* Work instruction *
Would you transcribe the records word for word, please?

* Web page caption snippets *
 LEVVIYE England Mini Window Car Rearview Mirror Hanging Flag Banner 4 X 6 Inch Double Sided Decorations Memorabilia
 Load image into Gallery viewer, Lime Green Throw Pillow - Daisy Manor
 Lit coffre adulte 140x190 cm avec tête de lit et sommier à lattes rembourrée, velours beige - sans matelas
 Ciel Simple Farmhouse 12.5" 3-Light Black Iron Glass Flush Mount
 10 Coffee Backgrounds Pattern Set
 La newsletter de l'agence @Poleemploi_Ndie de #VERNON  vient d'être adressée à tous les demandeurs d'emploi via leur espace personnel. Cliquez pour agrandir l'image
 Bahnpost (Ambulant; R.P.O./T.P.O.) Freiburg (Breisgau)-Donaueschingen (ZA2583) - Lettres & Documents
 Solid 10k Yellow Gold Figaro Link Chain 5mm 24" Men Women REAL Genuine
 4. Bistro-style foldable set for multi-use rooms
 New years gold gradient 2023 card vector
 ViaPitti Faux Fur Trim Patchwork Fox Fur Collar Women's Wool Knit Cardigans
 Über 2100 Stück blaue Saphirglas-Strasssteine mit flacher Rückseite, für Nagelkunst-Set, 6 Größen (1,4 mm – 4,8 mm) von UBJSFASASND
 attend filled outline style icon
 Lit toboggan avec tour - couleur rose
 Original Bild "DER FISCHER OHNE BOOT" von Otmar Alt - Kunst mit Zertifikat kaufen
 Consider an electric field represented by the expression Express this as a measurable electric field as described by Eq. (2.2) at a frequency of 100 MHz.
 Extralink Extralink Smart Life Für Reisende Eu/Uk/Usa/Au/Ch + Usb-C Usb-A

* Answer box *
 LEVVIYE England Mini Window Car Rearview Mirror Hanging Flag Banner 4 X 6 Inch Double Sided Decorations Memorabilia
 Load image into Gallery viewer, Lime Green Throw Pillow - Daisy Manor
 Lit coffre adulte 140x190 cm avec tête de lit et sommier à lattes rembourrée, velours beige - sans matelas
 Ciel Simple Farmhouse 12.5" 3-Light Black Iron Glass Flush Mount
 10 Coffee Backgrounds Pattern Set
 La newsletter de l'agence @Poleemploi_Ndie de #VERNON  vient d'être adressée à tous les demandeurs d'emploi via leur espace personnel. Cliquez pour agrandir l'image
 Bahnpost (Ambulant; R.P.O./T.P.O.) Freiburg (Breisgau)-Donaueschingen (ZA2583) - Lettres & Documents
 Solid 10k Yellow Gold Figaro Link Chain 5mm 24" Men Women REAL Genuine
 4. Bistro-style foldable set for multi-use rooms
 New years gold gradient 2023 card vector
 ViaPitti Faux Fur Trim Patchwork Fox Fur Collar Women's Wool Knit Cardigans
 Über 2100 Stück blaue Saphirglas-Strasssteine mit flacher Rückseite, für Nagelkunst-Set, 6 Größen (1,4 mm – 4,8 mm) von UBJSFASASND
 attend filled outline style icon
 Lit toboggan avec tour - couleur rose
 Original Bild "DER FISCHER OHNE BOOT" von Otmar Alt - Kunst mit Zertifikat kaufen
 Consider an electric field represented by the expression Express this as a measurable electric field as described by Eq. (2.2) at a frequency of 100 MHz.
 Extralink Extralink Smart Life Für Reisende Eu/Uk/Usa/Au/Ch + Usb-C Usb-A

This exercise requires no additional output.